Plus délicate est la question de savoir si l’absentéisme peut constituer un motif serait licite lié à l’aptitude ou encore aux nécessités du fonctionnement de l’entreprise (à la condition, pour ce dernier critère, que les absences fréquentes du travailleur désorganisent l’activité de celle-ci).

Pour la cour, il faut examiner la question sous un angle bien précis, étant de savoir si les absences ont un lien avec l’aptitude physique, c’est-à-dire qu’elles sont susceptibles de démontrer que l’état de santé de l’intéressé aurait tant soit peu porté atteinte à sa capacité d’exercer sa tâche de chauffeur, tâche qu’il exerçait d’ailleurs, ainsi que l’arrêt le révèle, sans difficultés apparentes qui soient prouvées, lorsque le licenciement est intervenu.
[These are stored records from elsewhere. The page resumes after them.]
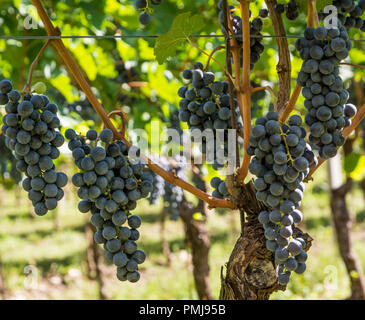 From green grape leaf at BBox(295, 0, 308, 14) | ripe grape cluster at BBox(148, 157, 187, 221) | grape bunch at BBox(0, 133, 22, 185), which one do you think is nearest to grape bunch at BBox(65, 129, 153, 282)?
green grape leaf at BBox(295, 0, 308, 14)

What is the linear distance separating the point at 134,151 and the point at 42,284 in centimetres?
599

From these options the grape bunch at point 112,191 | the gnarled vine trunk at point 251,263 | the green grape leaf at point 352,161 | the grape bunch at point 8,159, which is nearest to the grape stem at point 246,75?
the gnarled vine trunk at point 251,263

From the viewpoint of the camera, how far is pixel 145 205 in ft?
35.8

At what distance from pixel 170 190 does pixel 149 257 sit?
16.1 ft

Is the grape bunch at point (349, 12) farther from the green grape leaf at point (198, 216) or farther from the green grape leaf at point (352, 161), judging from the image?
the green grape leaf at point (198, 216)

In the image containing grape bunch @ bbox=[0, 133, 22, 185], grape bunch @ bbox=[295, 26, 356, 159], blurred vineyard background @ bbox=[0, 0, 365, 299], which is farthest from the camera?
blurred vineyard background @ bbox=[0, 0, 365, 299]

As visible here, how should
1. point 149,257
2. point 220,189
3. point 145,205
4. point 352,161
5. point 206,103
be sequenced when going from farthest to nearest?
1. point 145,205
2. point 149,257
3. point 352,161
4. point 220,189
5. point 206,103

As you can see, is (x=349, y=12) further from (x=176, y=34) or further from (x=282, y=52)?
(x=176, y=34)

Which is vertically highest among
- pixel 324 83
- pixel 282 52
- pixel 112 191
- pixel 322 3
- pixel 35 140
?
pixel 322 3

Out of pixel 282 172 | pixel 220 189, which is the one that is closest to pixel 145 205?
pixel 220 189

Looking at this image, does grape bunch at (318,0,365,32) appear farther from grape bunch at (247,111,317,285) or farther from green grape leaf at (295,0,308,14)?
grape bunch at (247,111,317,285)

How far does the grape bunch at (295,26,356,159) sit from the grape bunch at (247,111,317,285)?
0.16 feet

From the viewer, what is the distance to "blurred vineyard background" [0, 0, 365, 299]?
2.63 metres

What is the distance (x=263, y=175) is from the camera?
1113 mm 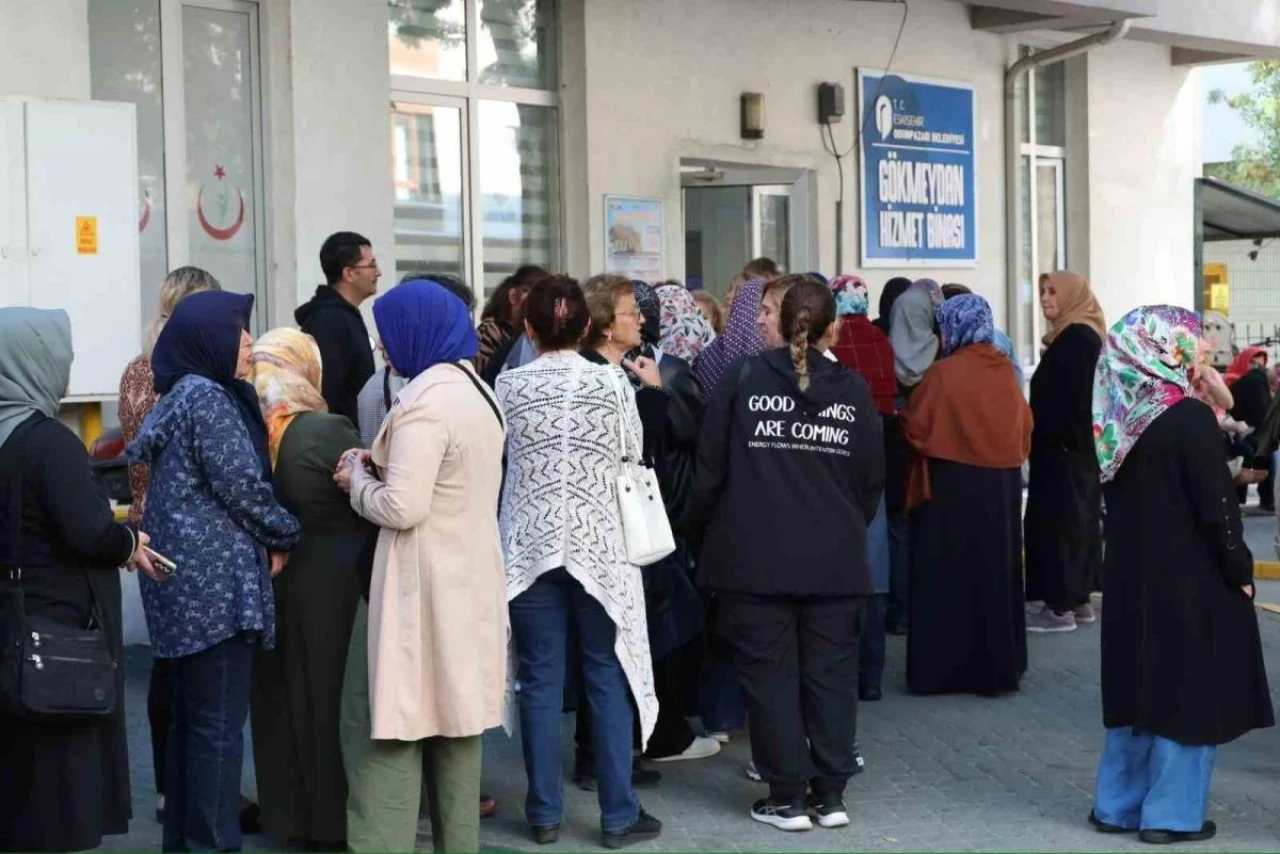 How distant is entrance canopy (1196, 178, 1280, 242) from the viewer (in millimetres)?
18562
Et la cour de rappeler les difficultés d’organisation qui découlent de l’absence d’un travailleur mais également de préciser que celles-ci ont un impact différent en fonction de la taille de l’entreprise, du nombre de travailleurs qu’elle occupe ainsi que d’autres critères annexes (caractère spécialisé ou non des tâches de l’intéressé).
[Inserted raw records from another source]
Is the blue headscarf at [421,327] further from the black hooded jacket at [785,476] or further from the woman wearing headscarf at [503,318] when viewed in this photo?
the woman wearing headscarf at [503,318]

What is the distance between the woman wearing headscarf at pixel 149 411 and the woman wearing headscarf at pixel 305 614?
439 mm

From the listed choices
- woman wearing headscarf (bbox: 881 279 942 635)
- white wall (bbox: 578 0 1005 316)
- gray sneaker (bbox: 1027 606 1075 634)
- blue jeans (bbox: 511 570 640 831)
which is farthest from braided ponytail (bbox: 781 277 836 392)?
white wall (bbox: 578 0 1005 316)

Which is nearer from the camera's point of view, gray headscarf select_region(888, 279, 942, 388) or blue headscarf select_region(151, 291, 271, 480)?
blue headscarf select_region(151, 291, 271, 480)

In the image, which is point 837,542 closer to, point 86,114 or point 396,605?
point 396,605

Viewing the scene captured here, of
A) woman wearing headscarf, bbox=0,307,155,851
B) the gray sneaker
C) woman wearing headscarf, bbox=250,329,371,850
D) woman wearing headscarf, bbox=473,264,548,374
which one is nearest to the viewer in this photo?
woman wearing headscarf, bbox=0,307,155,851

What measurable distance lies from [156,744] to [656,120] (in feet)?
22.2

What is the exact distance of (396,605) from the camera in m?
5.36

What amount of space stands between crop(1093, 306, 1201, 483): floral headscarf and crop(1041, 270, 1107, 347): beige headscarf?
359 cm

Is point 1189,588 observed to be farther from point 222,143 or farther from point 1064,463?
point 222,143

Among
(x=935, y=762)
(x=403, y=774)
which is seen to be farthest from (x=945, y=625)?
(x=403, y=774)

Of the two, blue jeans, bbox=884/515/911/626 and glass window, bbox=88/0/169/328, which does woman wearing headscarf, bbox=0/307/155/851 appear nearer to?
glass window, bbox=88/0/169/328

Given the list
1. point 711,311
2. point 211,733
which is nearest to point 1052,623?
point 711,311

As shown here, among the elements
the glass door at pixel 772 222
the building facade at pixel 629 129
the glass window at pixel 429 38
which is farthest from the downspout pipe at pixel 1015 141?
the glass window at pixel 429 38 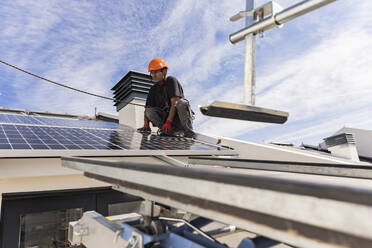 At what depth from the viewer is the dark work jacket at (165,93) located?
4.88 meters

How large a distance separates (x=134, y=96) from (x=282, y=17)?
4958 millimetres

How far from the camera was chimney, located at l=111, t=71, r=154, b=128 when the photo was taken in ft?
24.3

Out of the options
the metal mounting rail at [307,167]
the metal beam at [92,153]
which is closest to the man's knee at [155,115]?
the metal beam at [92,153]

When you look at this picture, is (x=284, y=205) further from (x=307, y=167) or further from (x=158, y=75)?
(x=158, y=75)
S’il fallait examiner la question sous l’angle des nécessités du fonctionnement de l’entreprise, il faudrait, comme elle le précise, établir que le bon fonctionnement de celle-ci est perturbé. Or, rien de tel ne ressort des pièces déposées par la société.
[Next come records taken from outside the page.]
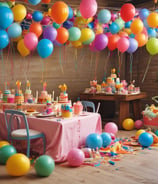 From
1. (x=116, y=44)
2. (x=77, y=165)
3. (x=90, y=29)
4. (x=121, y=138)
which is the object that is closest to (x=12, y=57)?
(x=90, y=29)

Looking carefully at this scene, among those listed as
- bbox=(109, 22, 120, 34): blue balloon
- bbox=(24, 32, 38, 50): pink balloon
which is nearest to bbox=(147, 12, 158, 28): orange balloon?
bbox=(109, 22, 120, 34): blue balloon

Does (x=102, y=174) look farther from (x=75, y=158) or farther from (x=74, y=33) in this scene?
(x=74, y=33)

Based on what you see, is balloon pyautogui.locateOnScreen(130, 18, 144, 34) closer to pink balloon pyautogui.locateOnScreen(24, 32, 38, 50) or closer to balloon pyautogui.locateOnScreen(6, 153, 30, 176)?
pink balloon pyautogui.locateOnScreen(24, 32, 38, 50)

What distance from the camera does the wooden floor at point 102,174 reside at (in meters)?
2.98

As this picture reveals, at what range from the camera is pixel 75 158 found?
11.0ft

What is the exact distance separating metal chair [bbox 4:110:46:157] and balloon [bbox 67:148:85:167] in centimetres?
41

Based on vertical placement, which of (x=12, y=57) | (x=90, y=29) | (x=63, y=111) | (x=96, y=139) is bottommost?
(x=96, y=139)

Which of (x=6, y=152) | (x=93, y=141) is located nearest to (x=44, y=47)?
(x=93, y=141)

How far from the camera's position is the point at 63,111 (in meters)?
3.77

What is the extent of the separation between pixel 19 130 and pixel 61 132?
58cm

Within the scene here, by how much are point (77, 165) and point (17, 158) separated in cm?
77

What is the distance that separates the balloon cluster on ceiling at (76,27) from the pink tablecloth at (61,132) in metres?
1.14

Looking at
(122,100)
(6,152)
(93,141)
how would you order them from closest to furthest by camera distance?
(6,152)
(93,141)
(122,100)

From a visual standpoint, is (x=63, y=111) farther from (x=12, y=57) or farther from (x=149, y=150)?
(x=12, y=57)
Dès lors, la cour considère ne pas pouvoir suivre la position de celle-ci, qui expliquait qu’il lui était impossible de compter sur la disponibilité de l’intéressé, et ce au motif qu’elle ne pourrait davantage compter sur celle de la moyenne de ses agents. De l’ensemble de tous ces éléments, la cour retient qu’il n’est pas établi que le motif du licenciement licite. Elle alloue dès lors l’indemnité prévue à l’article 63 de la loi du 3 juillet 1978.

Sur la deuxième question, elle va cependant conclure que, même si l’employeur est une autorité administrative, il ne commet aucune faute en ne procédant pas à l’audition du travailleur.

Intérêt de la décision

Cet arrêt est certes très intéressant, essentiellement sur l’analyse qu’il fait du lien entre l’incapacité du travail donnant lieu à un certain absentéisme et le critère licite de licenciement contenu à l’article 63 qu’est l’aptitude du travailleur. En l’occurrence, il n’est pas établi que les périodes d’absence pour incapacité de travail détermineraient le manque d’aptitude du travailleur à sa fonction et la cour révèle d’ailleurs qu’au moment où il fut licencié, l’intéressé exerçait celle-ci normalement.

Sur la deuxième question, il y a lieu de relever que cette position de la Cour du travail de Liège est minoritaire.